Les cliniciens ne s’occupent généralement de l’automutilation qu’après avoir pris conscience du comportement, qui peut alors être déjà grave, explique David Richman, professeur de psychologie de l’éducation et de leadership à l’Université Texas Tech de Lubbock, qui n’a pas participé à l’étude.
« Il faut que cela devienne suffisamment grave pour que les parents ou les tuteurs cherchent un traitement », dit-il. La nouvelle étude est un pas vers une approche plus préventive.
Prédicteurs persistants :
L’équipe de Richard a recruté 67 personnes autistes âgées de 4 à 39 ans par l’intermédiaire de la National Autistic Society, une organisation de défense des droits basée au Royaume-Uni. Les chercheurs ont demandé aux parents et aux soignants de remplir des questionnaires en ligne à trois moments : une fois en 2009, puis 3 et 10 ans plus tard.
Une théorie dominante des années 1990 suggère que certains individus apprennent inconsciemment à s’automutiler pour communiquer ou obtenir de l’attention. Cependant, les personnes autistes qui s’automutilent font aussi souvent preuve de retenue – en s’asseyant sur leurs mains ou en s’enveloppant dans des vêtements – pour tenter d’arrêter le comportement blessant. Cela suggère que l’automutilation peut plutôt être motivée par des difficultés de contrôle des impulsions.
Les chercheurs ont donc conçu les questionnaires pour évaluer à la fois l’automutilation et l’autolimitation.
Les questionnaires ont également évalué les prédicteurs possibles du comportement, tels que l’impulsivité, l’hyperactivité, la communication sociale, l’humeur et les comportements répétitifs.
L’automutilation diminue avec le temps chez la majorité des autistes, mais elle persiste chez environ 44% d’entre eux, ont rapporté les chercheurs en janvier dans Molecular Autism.

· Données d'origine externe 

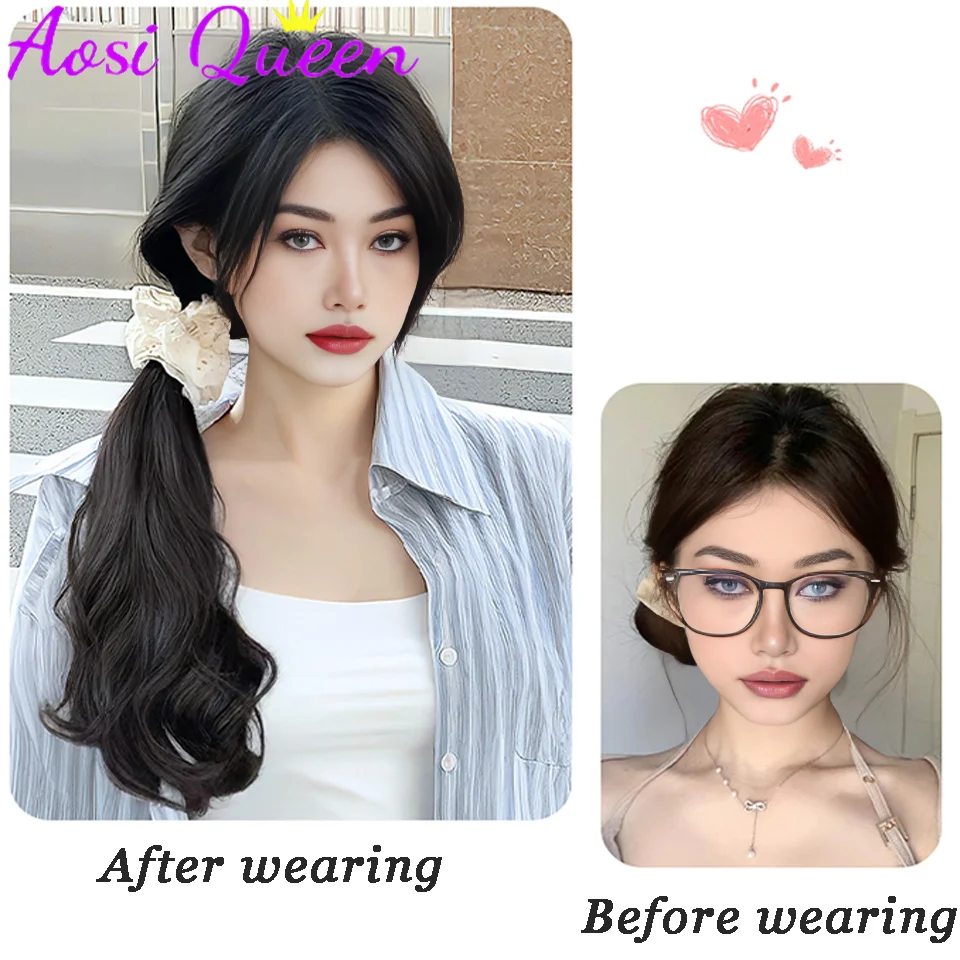 AOSI Synthetic Ponytail Wig For Women New Chinese Style Bow Half-tied Low Ponytail Side Pear Curl Claw Clip Ponytail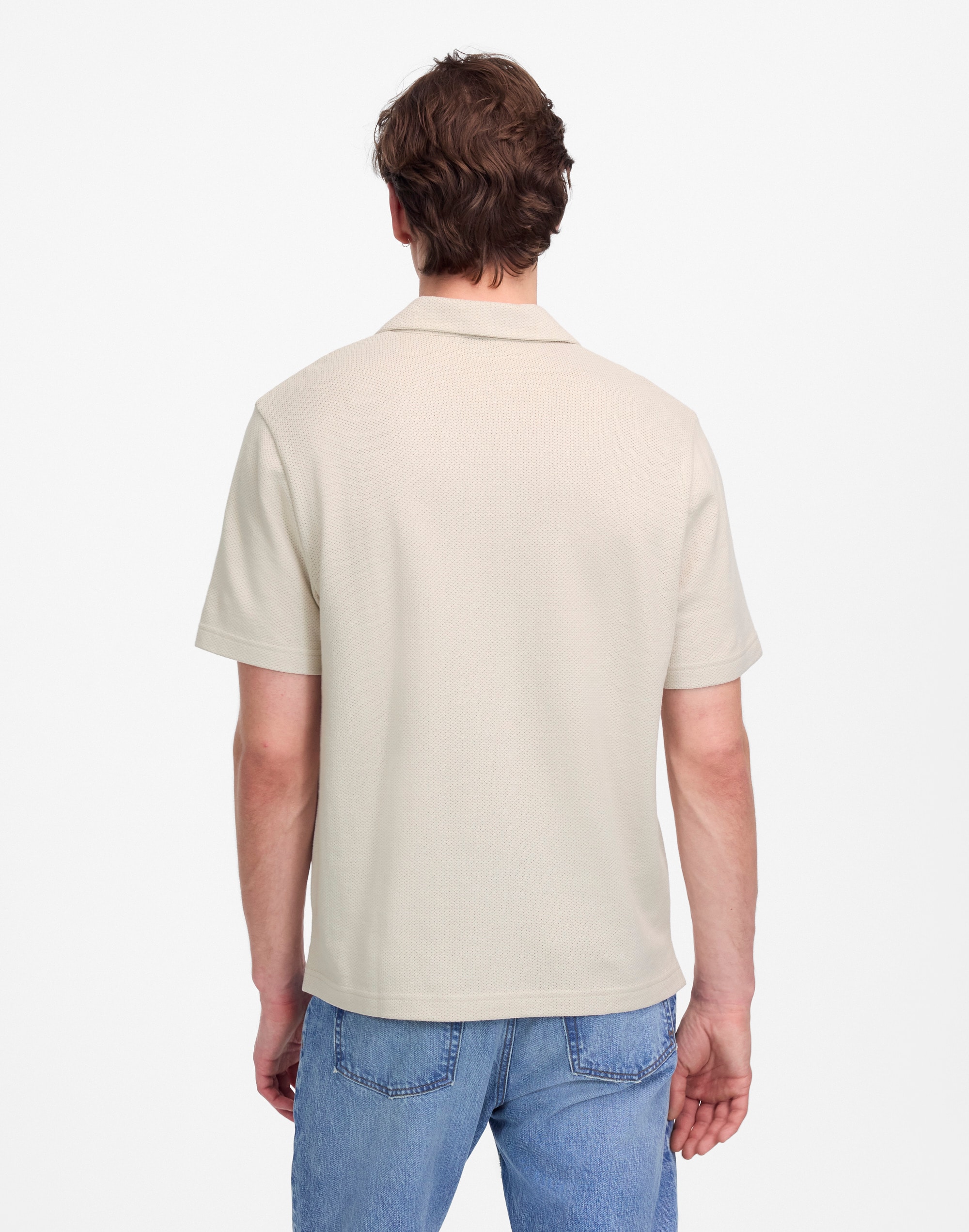 Johnny-Collar Polo in Heavyweight Mesh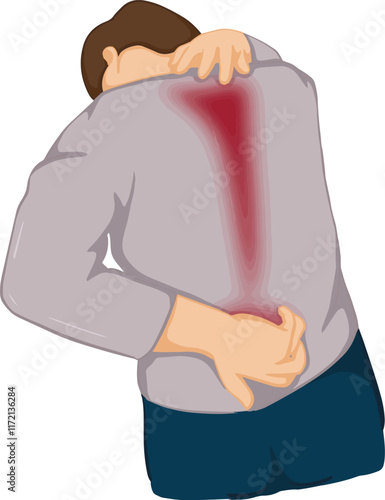 Cartoon drawing of a man with pain in the back, neck pain from work. Health care and medicine concept.vector illustration.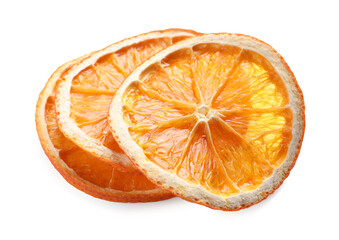 Delicious dry orange slices on white background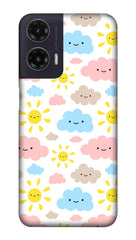 Premium Moto G35 Back Cover | Stylish Moto G 35 Back Cover | Enhanced Durability and Perfect Fit for Motorola G35 Back CoverDoodle Of Sun And Clouds  Printed Hard Case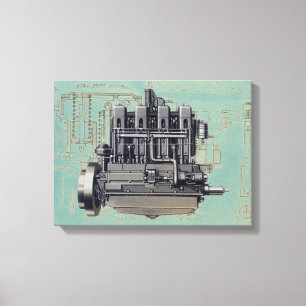 Mechanisch Zeichnend Artwork des Motors für Frühge Leinwanddruck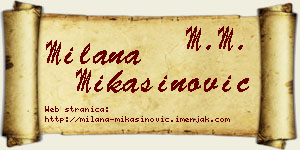 Milana Mikašinović vizit kartica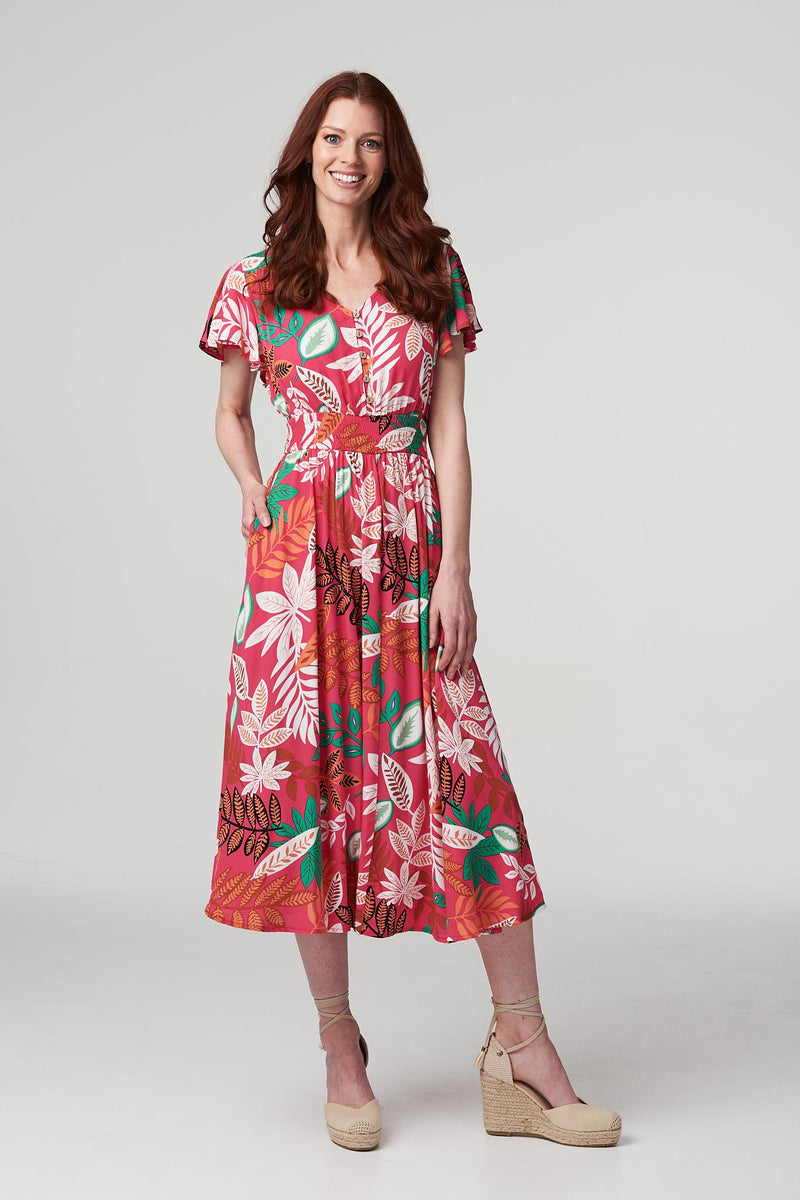 Pink | Leaf Print Midi Dress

L’équipe a constaté que l’automutilation est associée à une variété de comportements : Lors du suivi de trois ans, par exemple, ceux qui avaient eu des difficultés avec les interactions sociales au début de l’étude étaient plus susceptibles de s’automutiler que les autres ; et ceux qui avaient des scores élevés d’impulsivité et d’hyperactivité au début de l’étude étaient plus susceptibles de faire preuve d’automutilation et d’autolimitation persistantes que les autres au bout de 10 ans.
L’impulsivité en particulier est liée à l’auto-mutilation à tous les points de temps et prédit l’auto-mutilation à chaque intervalle de temps ultérieur, ont constaté les chercheurs.
L’équipe a également trouvé une tendance troublante : Les autistes qui s’automutilent n’étaient pas plus susceptibles de consulter des professionnels autres que des pédiatres que le reste des participants.
« Cela sonne comme une alarme », déclare Jill Fodstad, professeur adjoint de psychologie clinique à l’Université d’Indiana à Indianapolis, qui n’a pas participé à la recherche. « Cela signifie qu’ils ne reçoivent pas autant d’aide qu’ils en ont vraiment besoin ».
Fodstad souligne que la petite taille de l’échantillon de l’étude soulève des questions quant à la généralisation de ses résultats. Les chercheurs soulignent également que les rapports des parents comportent généralement des erreurs. Ils prévoient d’évaluer l’auto-mutilation dans l’autisme par des tests directs dans une étude de suivi.